Doing the thing you’re passionate about is great but no doubt, for many, those things begin to eventually pull. That is something that I again thought long and hard about before taking the plunge and becoming a full time athlete. Although not knowing the full ins and out, I was fully aware that I was going to be doing something that required living a different lifestyle, schedule, activity and financially from the norm. Personally I battled those ideas for around 4 years until I was about 28 then, on coming to the actual realisation, I tried to tell myself this for a while before I actually believed it, I decided that there was no manual telling me I had to do certain things at a certain age, I could make money, have a family etcetera a bit later on; I had a lot of support around that, I was helped by my coaches and some older Judo and non Judo friends, most of whom said they wished that they had gone on fighting a bit longer or, followed their dreams instead of money first. My coach also helped me with getting onto coaching courses so that I had other options for when I finished competing. Tim Ferris speaks very strongly about this sort of thing, that someone is better off spending 10-15 years of their retirement in their twenties and thirties because it doesn’t matter if someone retires from work at 55 or at 70, at both those ages they will still be physically unable to pursue many of those things that they’d have liked to have as a younger person.

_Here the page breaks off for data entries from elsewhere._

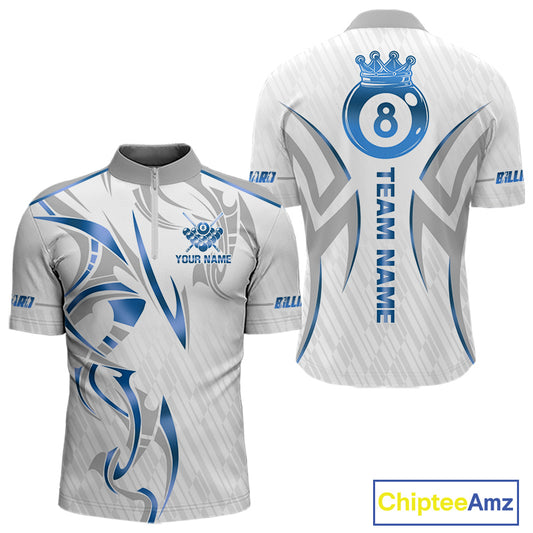 White And Blue Crown 8 Ball Men's Billiards Shirts Custom Billiard Jersey Team Polo & 1/4 Zip TDM5213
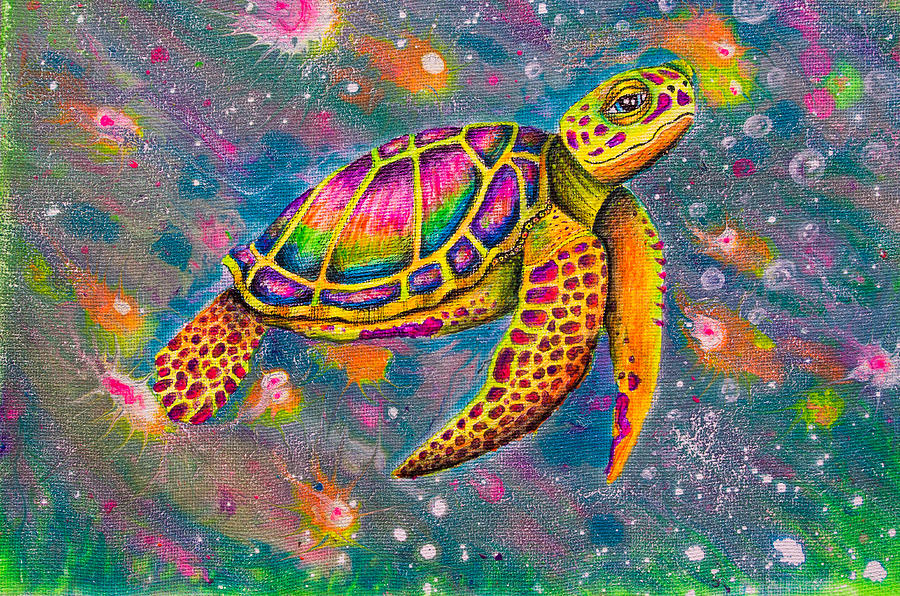 Cosmic Turtle Painting by Beth Megan - Fine Art America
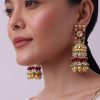 Gold Finish Choker Set With Red Meenakari In Mix Metal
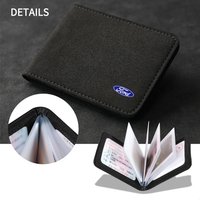 PU Leather Car Wallet Driver License Storage Bag Credit Card Holder Accessories For Ford Focus Kuga Mustang Ranger ST Fiesta key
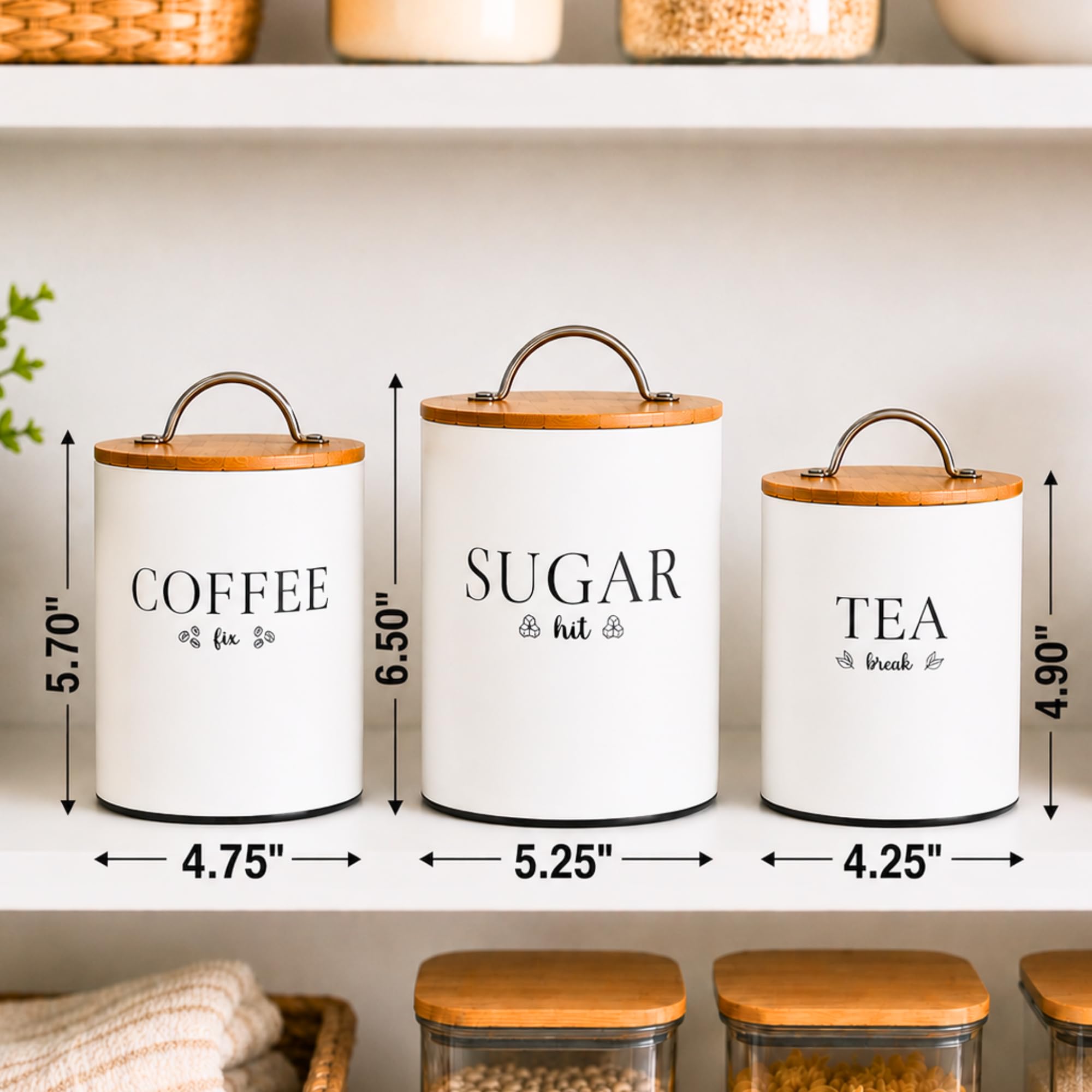 Set di 3 barattoli per tè, caffè e zucchero, per bancone della cucina, chiusura ermetica | Bianco sporco. Coperchio in bambù. Vernice a polvere metallica. Per uso alimentare. Ottima idea regalo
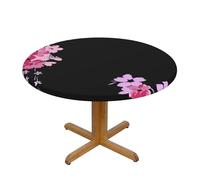 BNVSADC Beautiful Flowers Printed Round Tablecloth with Elastic Edged, S(122CM Diameter), Kitchen Water Resistant Fabric Table Cloth Dining Table Decoration Table Covers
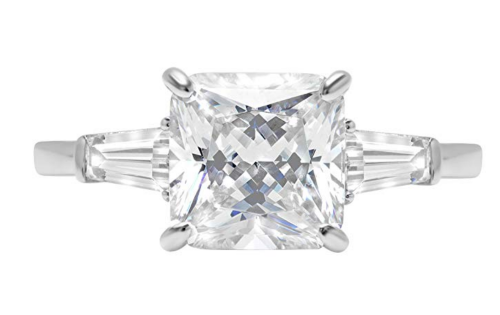 Clara Pucci Asscher 3-Stone Classic Solitaire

Ultimately I couldn’t have lived the rest of my life comfortably without knowing how far I could have got in competitive Judo, so, like many, I made the decision to enter into full time training, nearly 12 years ago. With no exception I know of no Judo athlete that has regularly been successful internationally as a senior and has not trained full-time for at least a sustained period of time, not one. It’s a necessity. I hope that has given the reader some small idea of what is taken into account before the decision to enter into full time training is made, some of the realities and thought patterns around it and, in some of the important periods during the full time training that can be trickier to navigate, that retire plenty of athletes early.